▽

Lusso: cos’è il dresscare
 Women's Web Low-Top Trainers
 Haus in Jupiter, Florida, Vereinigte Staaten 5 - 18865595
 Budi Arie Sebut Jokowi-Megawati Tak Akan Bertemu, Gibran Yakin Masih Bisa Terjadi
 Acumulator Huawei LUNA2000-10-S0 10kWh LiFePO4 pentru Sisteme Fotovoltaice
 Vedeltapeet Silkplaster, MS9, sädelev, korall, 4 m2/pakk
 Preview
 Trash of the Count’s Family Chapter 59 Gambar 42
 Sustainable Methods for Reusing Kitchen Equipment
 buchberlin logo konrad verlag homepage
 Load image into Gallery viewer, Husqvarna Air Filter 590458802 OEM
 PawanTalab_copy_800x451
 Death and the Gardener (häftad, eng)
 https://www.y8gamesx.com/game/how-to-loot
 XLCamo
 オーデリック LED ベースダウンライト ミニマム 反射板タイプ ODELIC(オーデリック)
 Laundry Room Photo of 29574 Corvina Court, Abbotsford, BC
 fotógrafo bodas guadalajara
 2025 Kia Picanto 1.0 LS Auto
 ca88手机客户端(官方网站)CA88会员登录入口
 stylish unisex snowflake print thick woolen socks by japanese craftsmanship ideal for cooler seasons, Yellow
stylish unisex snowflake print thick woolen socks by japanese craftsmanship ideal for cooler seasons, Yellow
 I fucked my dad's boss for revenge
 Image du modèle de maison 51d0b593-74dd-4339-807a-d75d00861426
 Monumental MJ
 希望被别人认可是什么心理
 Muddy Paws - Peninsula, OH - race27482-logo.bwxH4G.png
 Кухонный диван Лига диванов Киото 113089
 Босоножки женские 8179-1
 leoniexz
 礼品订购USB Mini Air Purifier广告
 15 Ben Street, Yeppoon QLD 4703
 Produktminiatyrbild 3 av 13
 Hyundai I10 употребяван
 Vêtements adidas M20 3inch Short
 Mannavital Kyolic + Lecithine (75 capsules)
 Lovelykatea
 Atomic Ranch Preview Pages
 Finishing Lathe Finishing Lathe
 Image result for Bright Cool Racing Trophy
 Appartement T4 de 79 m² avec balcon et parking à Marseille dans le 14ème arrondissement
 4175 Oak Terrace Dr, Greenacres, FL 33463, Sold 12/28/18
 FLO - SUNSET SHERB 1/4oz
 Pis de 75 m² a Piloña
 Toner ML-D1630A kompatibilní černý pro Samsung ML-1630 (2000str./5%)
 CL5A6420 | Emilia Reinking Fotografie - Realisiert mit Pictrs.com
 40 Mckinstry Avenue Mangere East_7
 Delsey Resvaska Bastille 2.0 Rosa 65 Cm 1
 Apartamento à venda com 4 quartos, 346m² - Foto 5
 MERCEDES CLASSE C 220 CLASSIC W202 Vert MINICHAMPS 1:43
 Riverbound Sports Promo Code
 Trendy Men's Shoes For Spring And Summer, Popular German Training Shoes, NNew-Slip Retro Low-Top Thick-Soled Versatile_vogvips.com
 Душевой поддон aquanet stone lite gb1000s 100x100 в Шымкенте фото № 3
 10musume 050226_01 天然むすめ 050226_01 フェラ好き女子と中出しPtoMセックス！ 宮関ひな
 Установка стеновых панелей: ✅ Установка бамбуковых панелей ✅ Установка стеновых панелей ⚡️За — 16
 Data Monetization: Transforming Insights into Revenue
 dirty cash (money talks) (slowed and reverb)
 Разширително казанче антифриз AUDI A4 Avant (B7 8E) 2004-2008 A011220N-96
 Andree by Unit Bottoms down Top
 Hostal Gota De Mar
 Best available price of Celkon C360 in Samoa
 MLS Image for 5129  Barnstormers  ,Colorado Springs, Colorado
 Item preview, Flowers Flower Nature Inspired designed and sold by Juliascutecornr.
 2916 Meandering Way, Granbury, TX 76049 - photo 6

△

→ **TASK DESCRIPTION**
Write the listing out again in its entirety, exactly.

→ **RESPONSE**
Lusso: cos’è il dresscare
 Women's Web Low-Top Trainers
 Haus in Jupiter, Florida, Vereinigte Staaten 5 - 18865595
 Budi Arie Sebut Jokowi-Megawati Tak Akan Bertemu, Gibran Yakin Masih Bisa Terjadi
 Acumulator Huawei LUNA2000-10-S0 10kWh LiFePO4 pentru Sisteme Fotovoltaice
 Vedeltapeet Silkplaster, MS9, sädelev, korall, 4 m2/pakk
 Preview
 Trash of the Count’s Family Chapter 59 Gambar 42
 Sustainable Methods for Reusing Kitchen Equipment
 buchberlin logo konrad verlag homepage
 Load image into Gallery viewer, Husqvarna Air Filter 590458802 OEM
 PawanTalab_copy_800x451
 Death and the Gardener (häftad, eng)
 https://www.y8gamesx.com/game/how-to-loot
 XLCamo
 オーデリック LED ベースダウンライト ミニマム 反射板タイプ ODELIC(オーデリック)
 Laundry Room Photo of 29574 Corvina Court, Abbotsford, BC
 fotógrafo bodas guadalajara
 2025 Kia Picanto 1.0 LS Auto
 ca88手机客户端(官方网站)CA88会员登录入口
 stylish unisex snowflake print thick woolen socks by japanese craftsmanship ideal for cooler seasons, Yellow
stylish unisex snowflake print thick woolen socks by japanese craftsmanship ideal for cooler seasons, Yellow
 I fucked my dad's boss for revenge
 Image du modèle de maison 51d0b593-74dd-4339-807a-d75d00861426
 Monumental MJ
 希望被别人认可是什么心理
 Muddy Paws - Peninsula, OH - race27482-logo.bwxH4G.png
 Кухонный диван Лига диванов Киото 113089
 Босоножки женские 8179-1
 leoniexz
 礼品订购USB Mini Air Purifier广告
 15 Ben Street, Yeppoon QLD 4703
 Produktminiatyrbild 3 av 13
 Hyundai I10 употребяван
 Vêtements adidas M20 3inch Short
 Mannavital Kyolic + Lecithine (75 capsules)
 Lovelykatea
 Atomic Ranch Preview Pages
 Finishing Lathe Finishing Lathe
 Image result for Bright Cool Racing Trophy
 Appartement T4 de 79 m² avec balcon et parking à Marseille dans le 14ème arrondissement
 4175 Oak Terrace Dr, Greenacres, FL 33463, Sold 12/28/18
 FLO - SUNSET SHERB 1/4oz
 Pis de 75 m² a Piloña
 Toner ML-D1630A kompatibilní černý pro Samsung ML-1630 (2000str./5%)
 CL5A6420 | Emilia Reinking Fotografie - Realisiert mit Pictrs.com
 40 Mckinstry Avenue Mangere East_7
 Delsey Resvaska Bastille 2.0 Rosa 65 Cm 1
 Apartamento à venda com 4 quartos, 346m² - Foto 5
 MERCEDES CLASSE C 220 CLASSIC W202 Vert MINICHAMPS 1:43
 Riverbound Sports Promo Code
 Trendy Men's Shoes For Spring And Summer, Popular German Training Shoes, NNew-Slip Retro Low-Top Thick-Soled Versatile_vogvips.com
 Душевой поддон aquanet stone lite gb1000s 100x100 в Шымкенте фото № 3
 10musume 050226_01 天然むすめ 050226_01 フェラ好き女子と中出しPtoMセックス！ 宮関ひな
 Установка стеновых панелей: ✅ Установка бамбуковых панелей ✅ Установка стеновых панелей ⚡️За — 16
 Data Monetization: Transforming Insights into Revenue
 dirty cash (money talks) (slowed and reverb)
 Разширително казанче антифриз AUDI A4 Avant (B7 8E) 2004-2008 A011220N-96
 Andree by Unit Bottoms down Top
 Hostal Gota De Mar
 Best available price of Celkon C360 in Samoa
 MLS Image for 5129  Barnstormers  ,Colorado Springs, Colorado
 Item preview, Flowers Flower Nature Inspired designed and sold by Juliascutecornr.
 2916 Meandering Way, Granbury, TX 76049 - photo 6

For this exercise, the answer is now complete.